Nel 2014 le aziende avevano presentato ricorso al TAR del Lazio contro la legge italiana sull’equo compenso, ovvero sulla richiesta sia ai consumatori finali che alle imprese di indennizzo forfettario agli autori applicato sugli apparecchi elettronici che consentono la registrazione di audio e video.
Sentenza UE
Da quanto si evince dalla sentenza UE, tre sono gli aspetti incompatibili con la direttiva UE in materia:
- il fatto che si parli di copie private, secondo le aziende e la Corte UE, escluderebbe fini professionali e questo significa che per i professionisti dovrebbe esservi un’esenzione automatica a priori;
- sarebbe contraddittorio, in particolare rispetto al principio di parità di trattamento, anche il fatto che l’applicazione delle esenzioni sia il “frutto di una negoziazione sostanzialmente privatistica in mano alla SIAE, regolata esclusivamente dalla SIAE stessa e senza che una legislazione precisa disciplini il procedimento e indichi i criteri da seguire”;
- il rimborso ex post inoltre, secondo la Corte, «può costituire, in astratto, un’alternativa all’esenzione ex ante e può essere generalmente previsto a favore dei soli utilizzatori finali», ma «questa limitazione non è possibile in un sistema che non prevede un esonero ex ante per i produttori, importatori o distributori che forniscono i propri macchinari a soggetti con fini manifestamente estranei alla riproduzione per uso privato».

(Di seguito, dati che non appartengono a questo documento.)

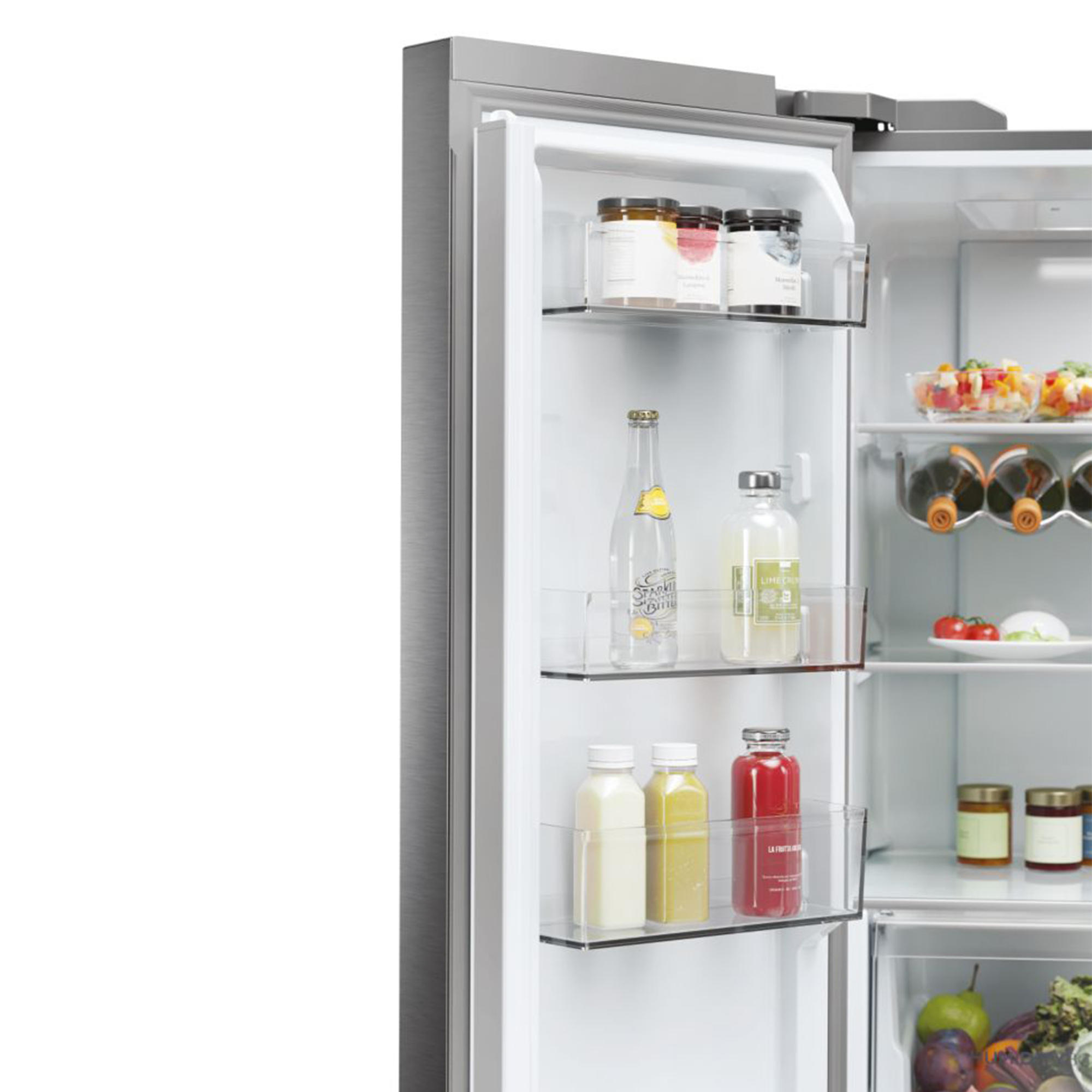 Un refrigerador abierto con frascos, botellas y frutas en los estantes.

Viene inoltre respinta da parte della Corte di Giustizia la richiesta della SIAE di limitare gli effetti nel tempo della decisione, constatando l’assenza di buona fede e ritenendo non ci siano «gravi rischi» per la SIAE stessa in merito al recupero delle somme già accordate agli aventi diritto all’equo compenso.
Risposta della SIAE
In una nota della SIAE si legge, in commento alla sentenza:
«La sentenza di oggi della Corte di Giustizia non mette in alcun modo in discussione la legittimità della copia privata, né mette in discussione l’intero decreto Bondi o la correttezza del nostro operato».
La SIAE si dichiara inoltre pronta:
«Ad adeguare immediatamente la propria attività alle eventuali disposizioni che il Ministero vorrà adottare in materia, così come è pronta ad adeguarsi alle decisioni che il Consiglio di Stato vorrà adottare in ragione dei principi sanciti dalla Corte di Giustizia».